An algorithm to solve a simple(?) array problem.

Hello! For this problem speed is pretty crucial. I've drawn a nice image to explain the problem better. The algorithm needs to calculate if edges of a rectangle continue within the confines of the canvas, will the edge intersect another rectangle?

We know:

1. The size of the canvas
2. The size of each rectangle
3. The position of each rectangle

The faster the solution is the better! I'm pretty stuck on this one and don't really know where to start.

Cheers

+2  A:

Lines that are not parallel to each other are going to intersect at some point. Calculate the slopes of each line and then determine what lines they won't intersect with.

Start with that, and then let's see how to optimize it. I'm not sure how your data is represented and I can't see your image.

Using slopes is a simple equality check which probably means you can take advantage of sorting the data. In fact, you can probably just create a set of distinct slopes. You'll have to figure out how to represent the data such that the two slopes of the same rectangle are not counted as intersecting.

EDIT: Wait.. how can two rectangles whose edges go to infinity not intersect? Rectangles are basically two lines that are perpendicular to each other. shouldn't that mean it always intersects with another if those lines are extended to infinity?

Sorry infinity is the wrong word, I mean 'carried on within confines of canvas'.That image sometimes doesn't show for me as well, try refreshing seems to bring it up most of the time.
+6  A:

Just create the set of intervals for each of the X and the Y axis. Then for each new rectangle, see if there are intersecting intervals in the X or the Y axis. See here for one way of implementing the interval sets.

In your first example, the interval set on the horizontal axis would be `{ [0-8], [0-8], [9-10] }`, and on the vertical: `{ [0-3], [4-6], [0-4] }`

This is only a sketch, I abstracted many details here (e.g. usually one would ask an interval set/tree "which intervals overlap this one", instead of "intersect this one", but nothing not doable).

Edit

Please watch this related MIT lecture (it's a bit long, but absolutely worths it). Even if you find simpler solutions (than implementing an augmented red-black tree), it's good to know the ideas behind these things.

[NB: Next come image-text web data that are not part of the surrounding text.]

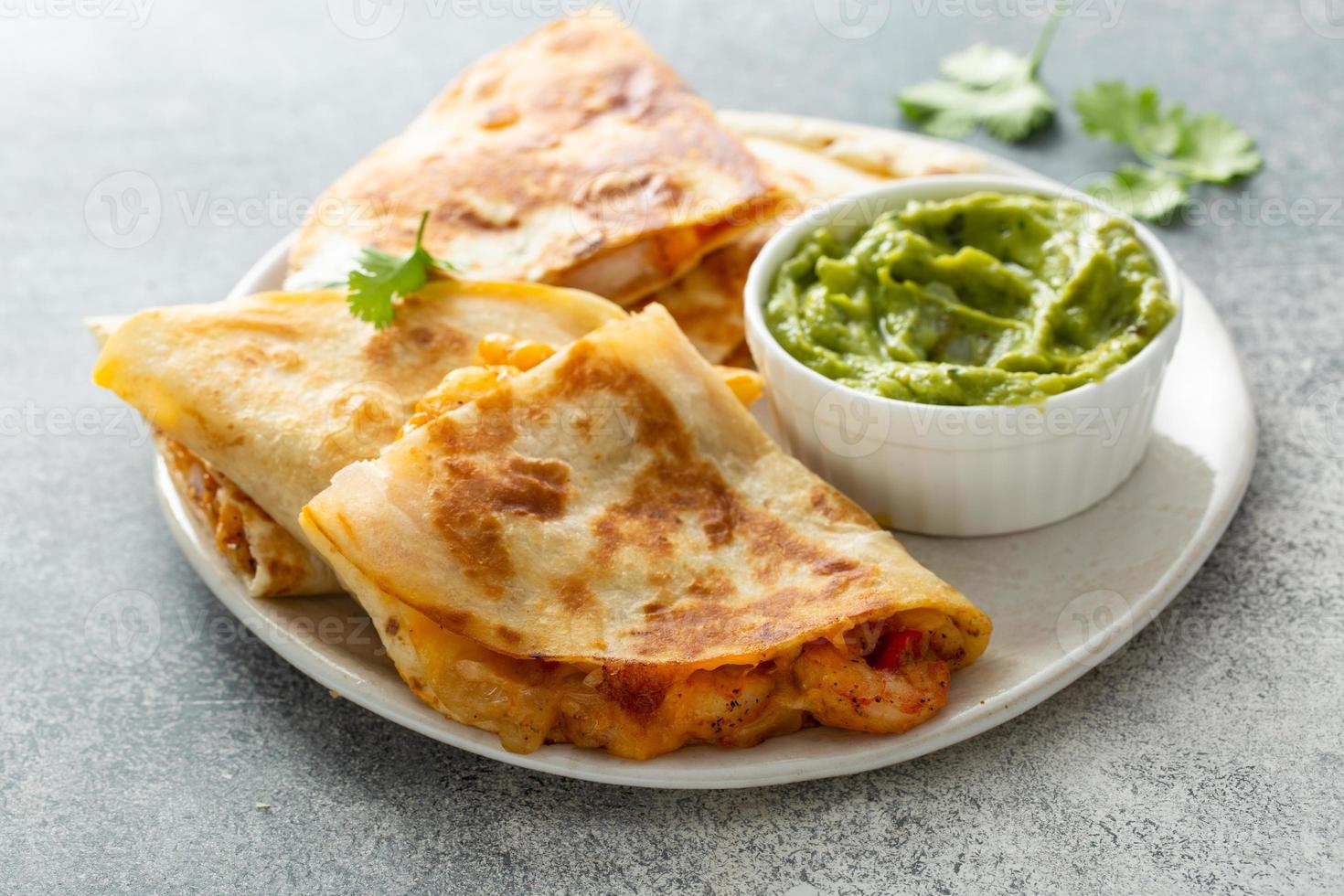quesadillas de camarones y queso servidas con guacamole 16117135 Foto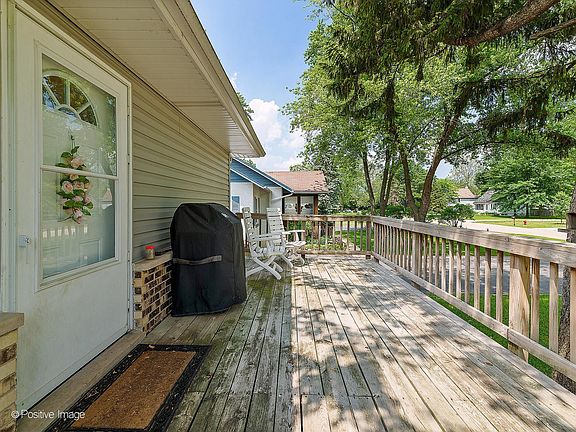3rd image of 4512A Dumoulin Ave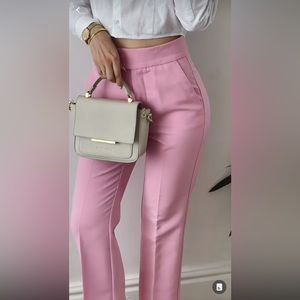 💕 ZARA NEW WITH TAGS ANKLE PANTS
PINK 💕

I'm not sure an interval tree is worth the trouble if there's only a single query. I think you can do the same thing in `O(n log n)` with a sort, which is probably going to be faster in practice than interval trees.
+1, got the same algorithm. Took me ages to format it though..
+1. I think I just posted the same concept, just without efficiency =/
I like this solution but there is a lot there I'm going to have to read up on!
Thanks for the comments guys. Please do note that I only posted this minutes after the question, it's merely a sketch and nowhere near a complete solution, and application specific fine-tuning will be needed (e.g. IVlad's comment). I'm also updating the answer with a link I most warmly recommend.
+1  A:

as long as you didn't mention the language you chose to solve the problem, i will use some kind of pseudo code

the idea is that if everything is ok, then a sorted collection of rectangle edges along one axis should be a sequence of non-overlapping intervals.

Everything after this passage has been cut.